The cervix or cervix uteri (Latin: neck of the uterus) is the lower part of the uterus in the human female reproductive system. In a non-pregnant woman, the cervix is usually 2 to 3 cm long (~1 inch) and roughly cylindrical in shape. The narrow, central cervical canal runs along its entire length, connecting the uterine cavity and the lumen of the vagina. The opening into the uterus is called the internal os, and the opening into the vagina is called the external os. The lower part of the cervix, known as the vaginal portion of the cervix (or ectocervix), bulges into the top of the vagina. The cervix has been documented anatomically since at least the time of Hippocrates, over 2,000 years ago.

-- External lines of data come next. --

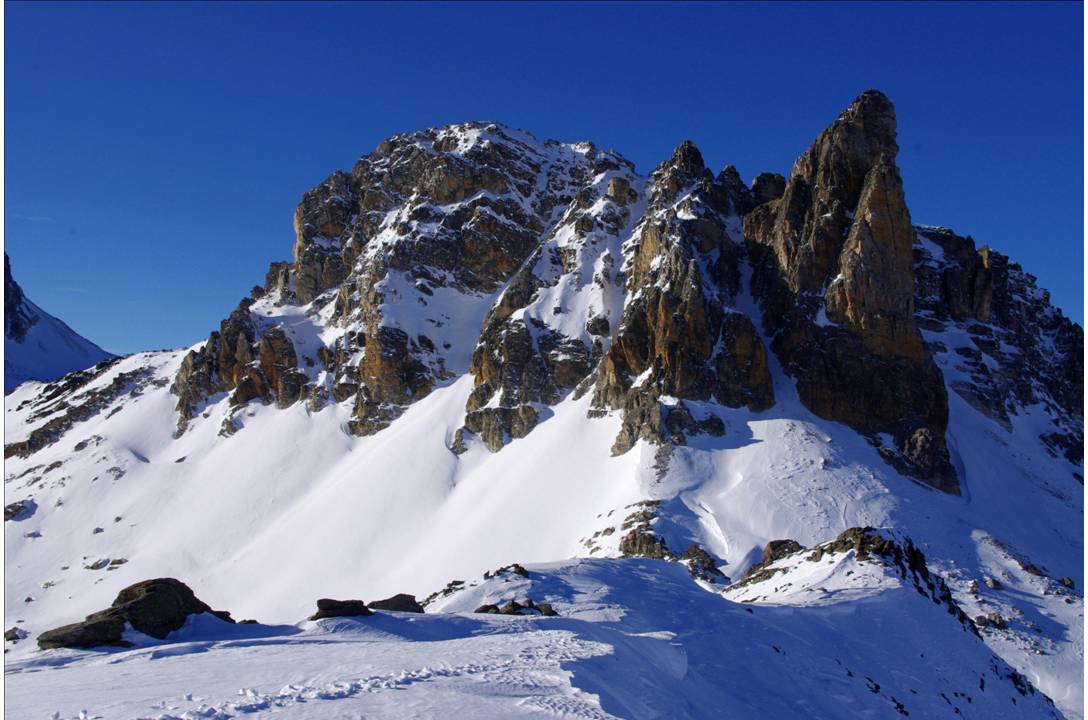 #4 Le Cheval Blanc : DEpuis le point 2825, vue sur les structures du Cheval Blanc... toutes de quartzite! Le Cheval Blanc : DEpuis le point 2825, vue sur les structures du Cheval Blanc... toutes de quartzite!
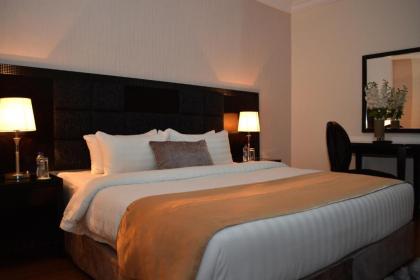 Tilal Almadina Hotel & Suites - image 8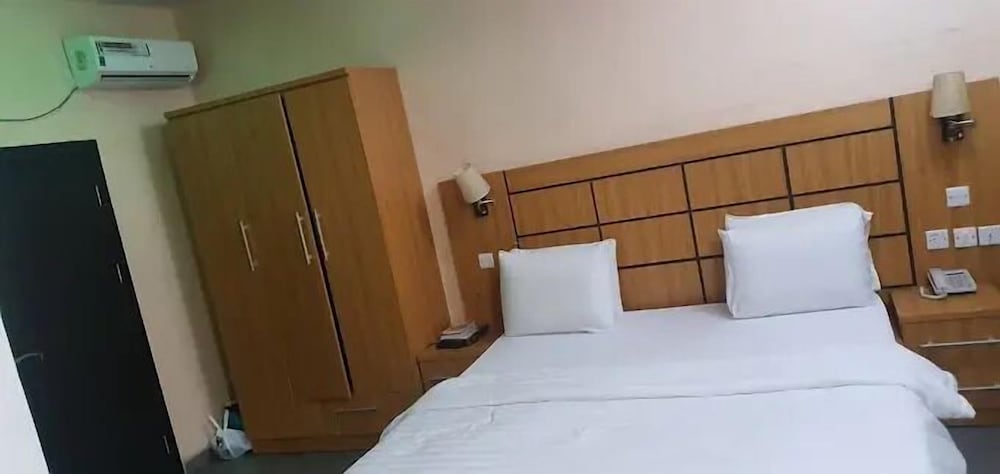 Deluxe Room, Balcony, City View
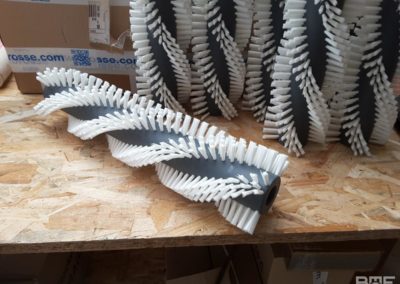 Une brosse rotative avec des poils disposés en hélice, conçue pour le nettoyage efficace des panneaux solaires.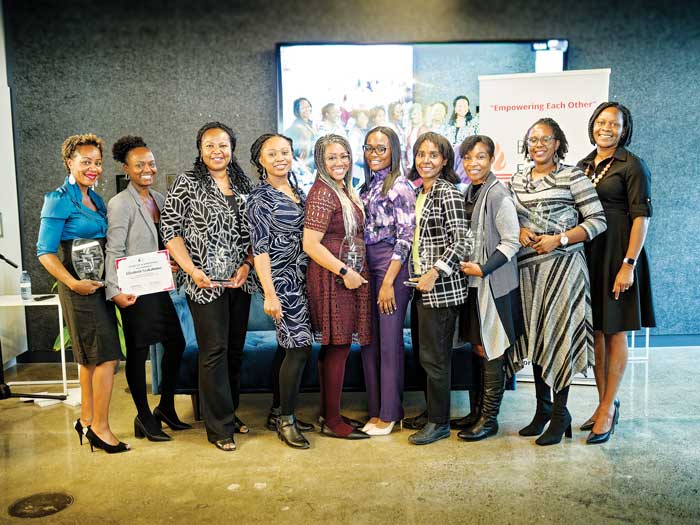 CPA Jenny Okonkwo avec l'équipe BFAN au 5e Sommet annuel des femmes en leadership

The cervical canal is a passage through which sperm must travel to fertilize an egg cell after sexual intercourse. Several methods of contraception, including cervical caps and cervical diaphragms aim to block or prevent the passage of sperm through the cervical canal. Cervical mucus is used in several methods of fertility awareness, such as the Creighton model and Billings method, due to its changes in consistency throughout the menstrual period. During vaginal childbirth, the cervix must flatten and dilate to allow the fetus to progress along the birth canal. Midwives and doctors use the extent of the dilation of the cervix to assist decision-making during childbirth.

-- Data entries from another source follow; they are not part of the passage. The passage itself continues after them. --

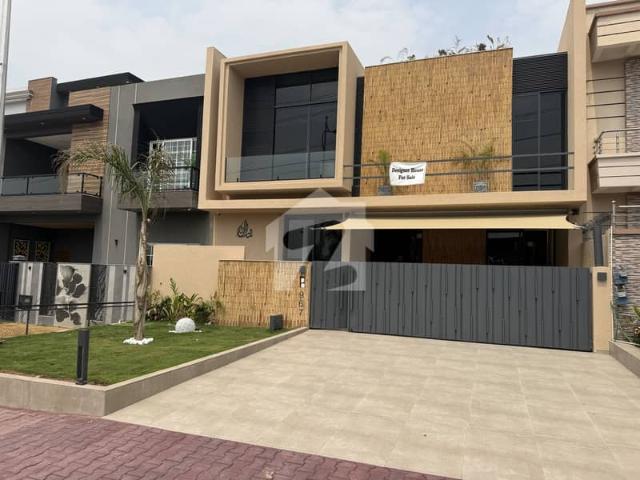 Main Double Road 10 Marla park face house @7.25 Cr at B blockB17 Islamabad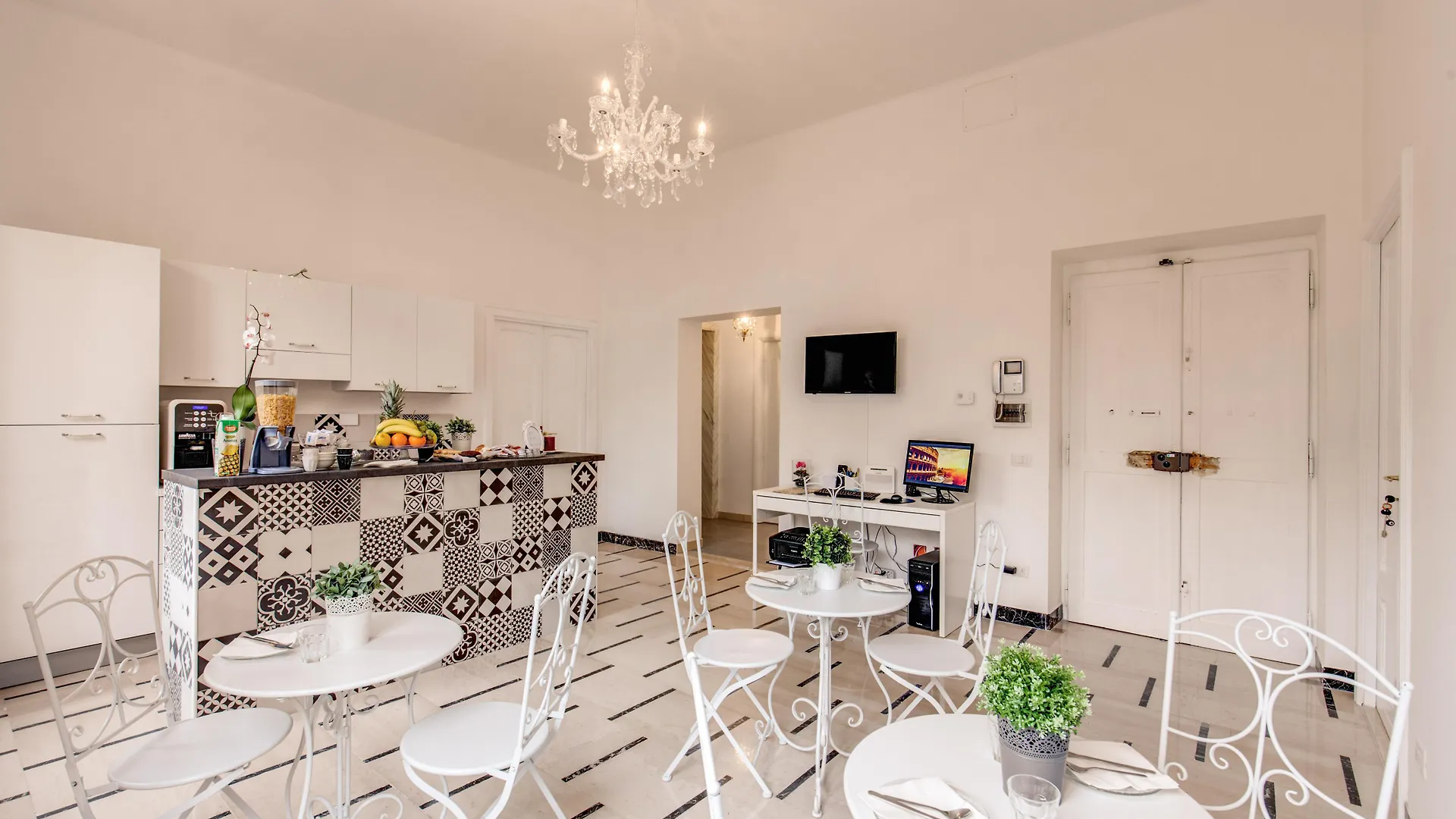 Relais La Torretta Bed & Breakfast Rome 2*,  Italy
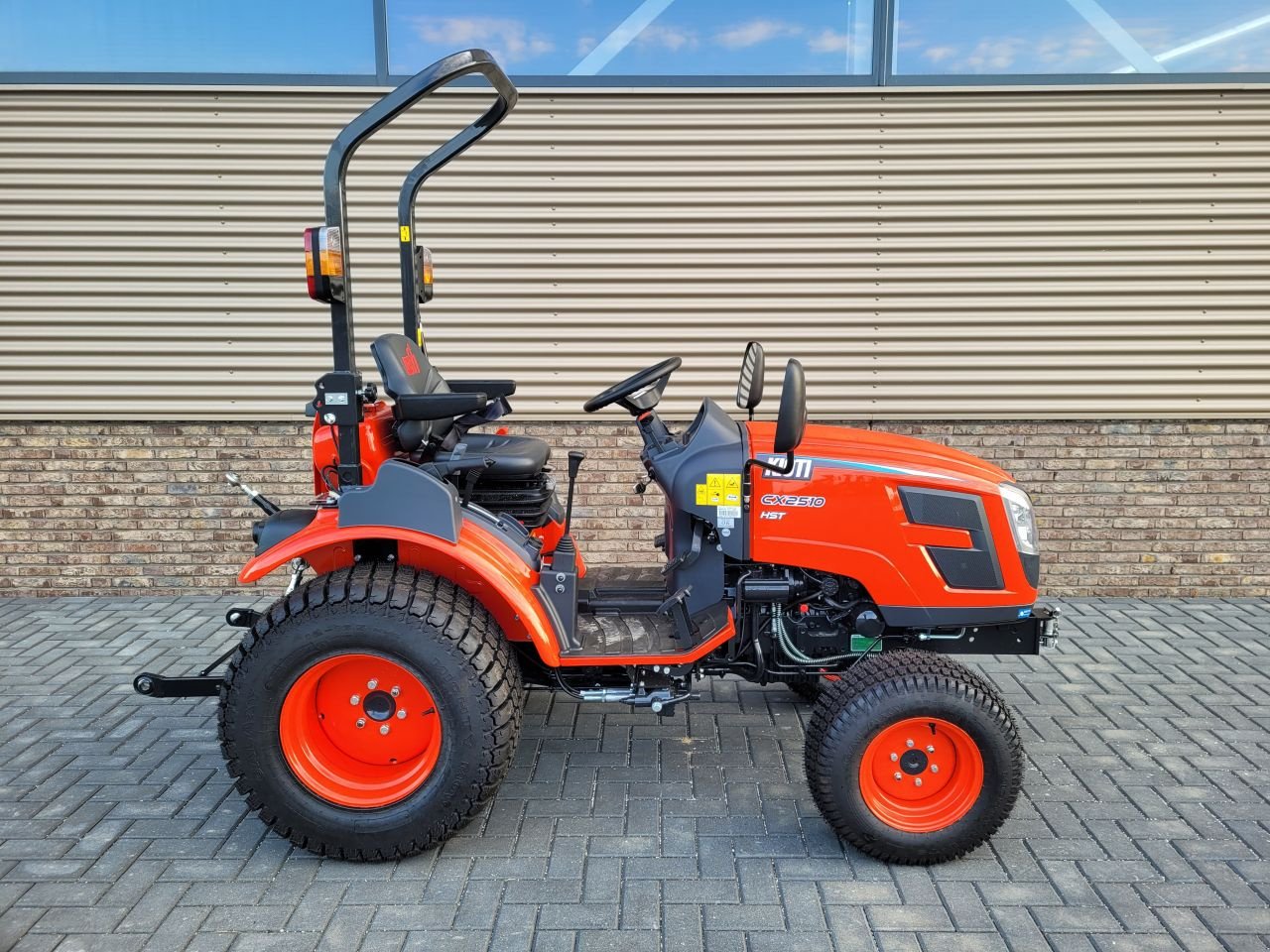 Traktor des Typs Kioti CX-2510 HST, Neumaschine in Houten (Bild 2)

The cervix plays a major role in childbirth. As the fetus descends within the uterus in preparation for birth, the presenting part, usually the head, rests on and is supported by the cervix. As labor progresses, the cervix becomes softer and shorter, begins to dilate, and rotates to face the anterior. The support the cervix provides to the fetal head starts to give way when the uterus begins its contractions. During childbirth, the cervix must dilate to a diameter of more than 10 cm (3.9 in) to accommodate the head of the fetus as it descends from the uterus to the vagina. In becoming wider, the cervix also becomes shorter, a phenomenon known as effacement.

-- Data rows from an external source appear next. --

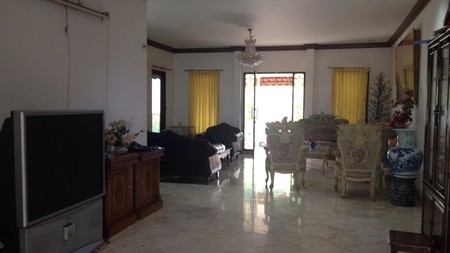 Rumah besar di daerah bsd #AK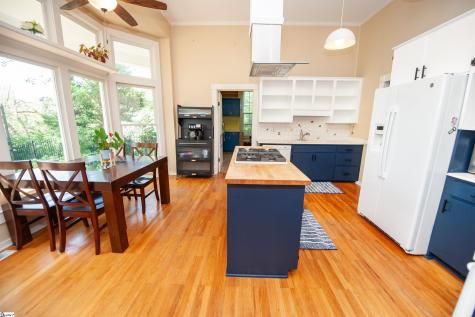 447 N Washington Street Rutherfordton NC 28139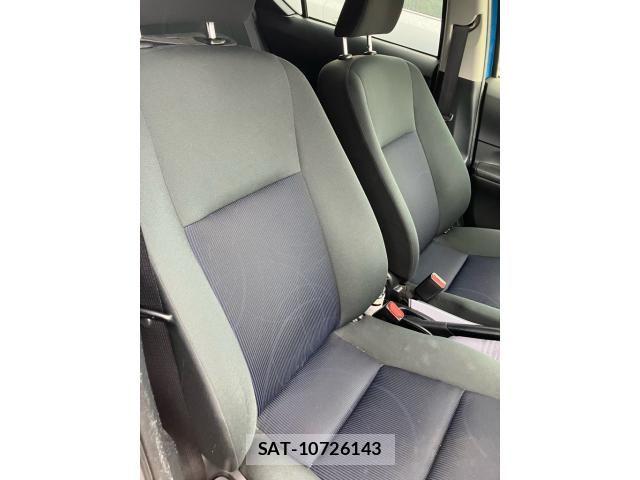 Toyota AQUA 2016-04 7452925-15
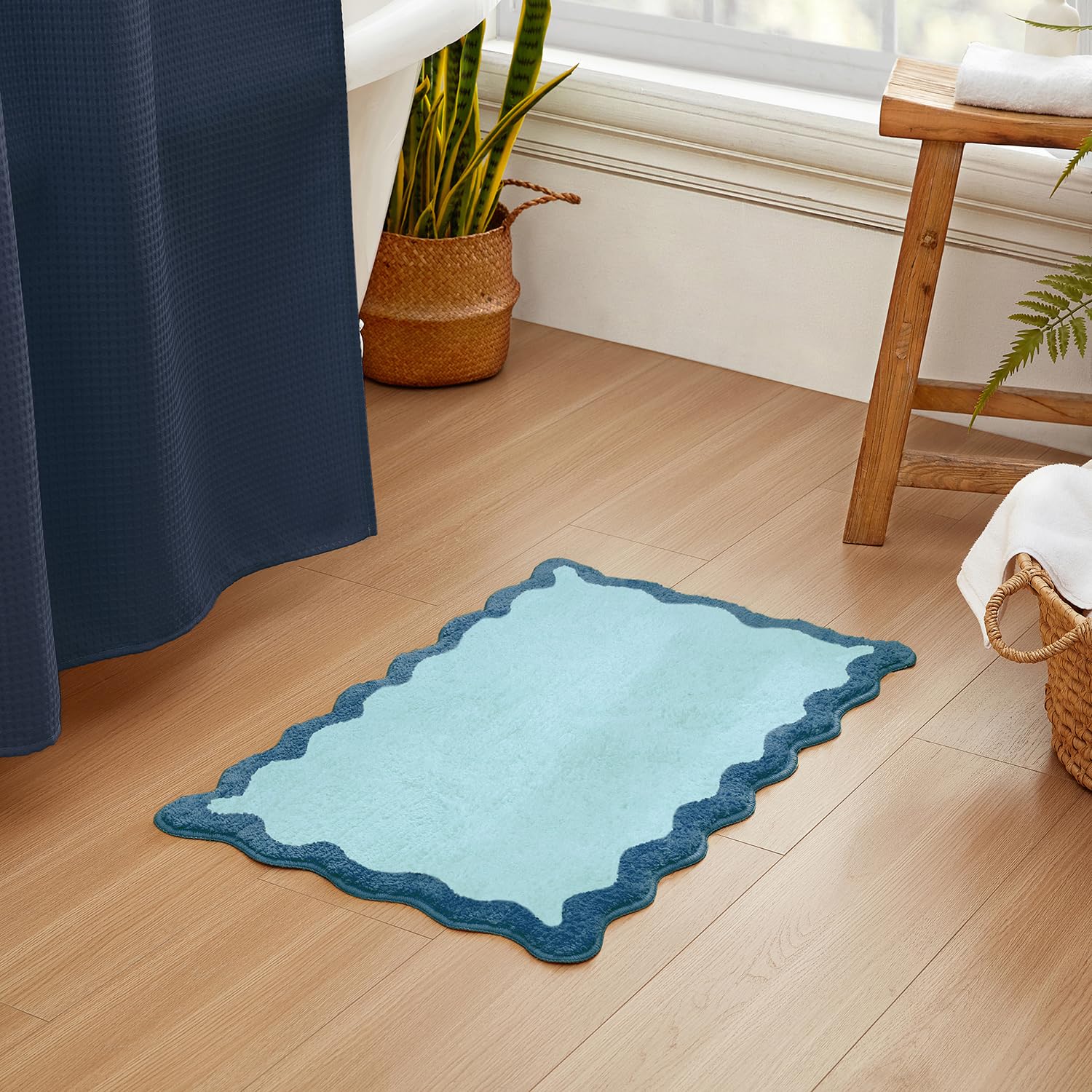 Wavy Bath Mat with Scalloped Ripple Design, Microfiber Absorbent Non Slip Tufted Rug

Along with other factors, midwives and doctors use the extent of cervical dilation to assist decision making during childbirth. Generally, the active first stage of labor, when the uterine contractions become strong and regular, begins when the cervical dilation is more than 3–5 cm (1.2–2.0 in). The second phase of labor begins when the cervix has dilated to 10 cm (4 in), which is regarded as its fullest dilation, and is when active pushing and contractions push the baby along the birth canal leading to the birth of the baby. The number of past vaginal deliveries is a strong factor in influencing how rapidly the cervix is able to dilate in labor. The time taken for the cervix to dilate and efface is one factor used in reporting systems such as the Bishop score, used to recommend whether interventions such as a forceps delivery, induction, or Caesarean section should be used in childbirth.
Cervical incompetence is a condition in which shortening of the cervix due to dilation and thinning occurs, before term pregnancy. Short cervical length is the strongest predictor of preterm birth.